A new service pattern was implemented on the line during peak hours in the late 1950s, removing a rush-hour service bottleneck north of 96th Street by rerouting local trains up the Broadway–Seventh Avenue Line to Van Cortlandt Park–242nd Street and express trains to the Bronx or 145th Street via the IRT Lenox Avenue Line. On February 6, 1959, all Broadway trains became locals, and all Lenox Avenue trains became expresses, eliminating the need to switch tracks. The rush-hour service could not be implemented until the platform extensions at stations on the line were completed. The original IRT stations north of Times Square could only fit five- or six-car trains. By 1958, the platform extensions at the local stations were nearly completed, but there were more problems with the platform extensions at the two express stations, 72nd Street and 96th Street. At 72nd Street, the track layout was simply changed, but at 96th Street, the local tracks and the outside walls had to be moved. A new mezzanine with stairways to the street was built between West 93rd Street and West 94th Street. The 86th Street and 96th Street stations had their platforms extended in order to accommodate 10-car trains. The 91st Street station could not have its platforms extended because they would already be too close to the other two stations. It was closed on February 2, 1959. Advertisements from 1959 persisted for several years before the station walls were graffitied over.

== Station layout ==
| Ground | Street level |
| Platform level | Side platform, not in service |
| Northbound local | ← ( late nights) do not stop here |
| Northbound express | ← do not stop here |
| Southbound express | do not stop here → |
| Southbound local | ( late nights) do not stop here → |
Side platform, not in service

Like other local stations, 91st Street has four tracks and two abandoned side platforms. The two local tracks, which formerly served the station, are used by the 1 train at all times and the 2 train during late nights. The two express tracks are used by the 2 train during daytime hours and the 3 train at all times. The platforms were 200 ft long, like at other local stations on the original IRT. While the local tracks stay level, the express tracks are at a lower elevation throughout most of the station.

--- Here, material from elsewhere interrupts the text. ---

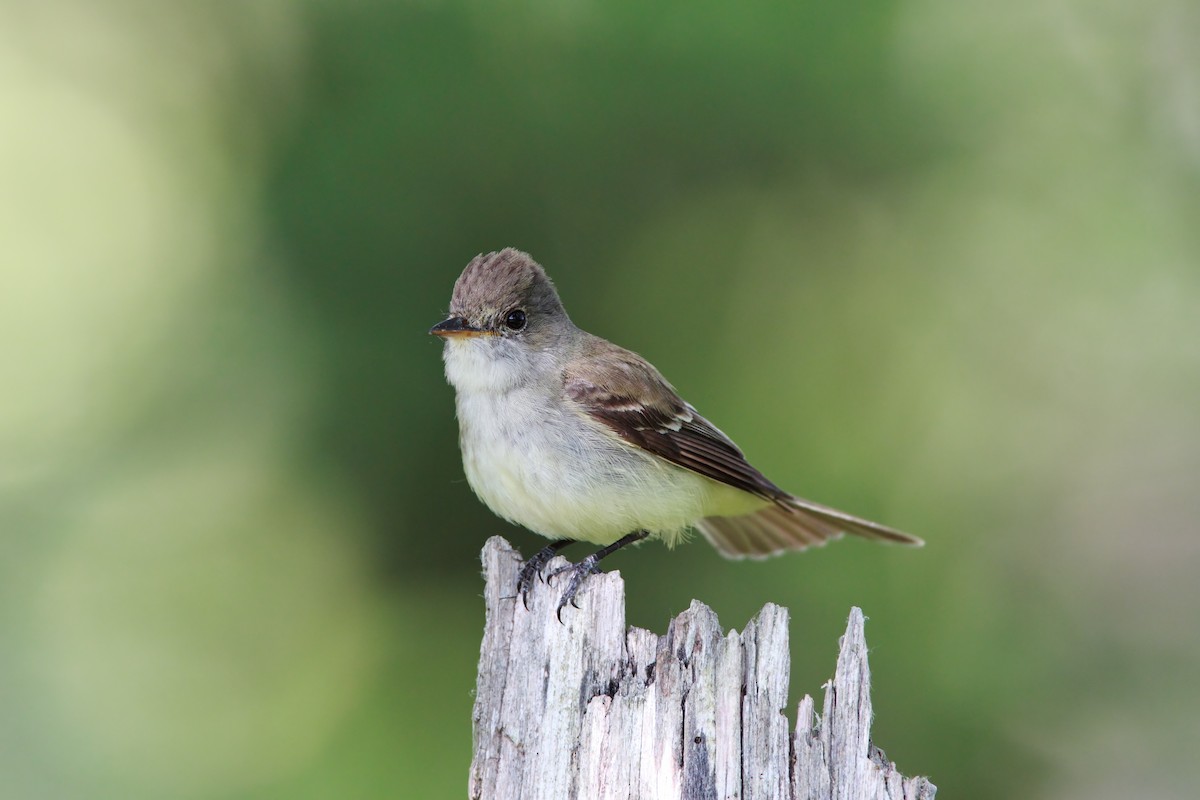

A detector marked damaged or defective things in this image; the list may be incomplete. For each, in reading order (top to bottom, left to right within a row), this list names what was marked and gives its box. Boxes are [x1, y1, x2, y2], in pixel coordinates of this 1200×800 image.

splintered wood [468, 537, 936, 800]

As with other stations built as part of the original IRT, the station was constructed using a cut-and-cover method. The tunnel is covered by a U-shaped trough that contains utility pipes and wires. This trough contains a foundation of concrete no less than 4 in thick. Each former platform consists of 3 in concrete slabs, beneath which are drainage basins. The former platforms contain circular, cast-iron Doric-style columns spaced every 15 ft. Additional columns between the tracks, spaced every 5 ft, support the jack-arched concrete station roofs. There is a 1 in gap between the trough wall and the platform walls, which are made of 4 in-thick brick covered over by a tiled finish.

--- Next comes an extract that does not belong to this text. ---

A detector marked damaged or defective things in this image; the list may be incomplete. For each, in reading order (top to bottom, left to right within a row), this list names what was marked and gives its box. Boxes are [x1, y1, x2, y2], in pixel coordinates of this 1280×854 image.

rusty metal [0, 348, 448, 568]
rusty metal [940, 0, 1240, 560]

The decorative scheme consisted of blue tile tablets, green tile bands, a yellow faience cornice, and violet faience plaques. The mosaic tiles at all original IRT stations were manufactured by the American Encaustic Tiling Company, which subcontracted the installations at each station. The decorative work was performed by tile contractor Alfred Boote Company and faience contractor Rookwood Pottery Company. The 91st Street station is fairly well preserved, with the exception of some litter and graffiti.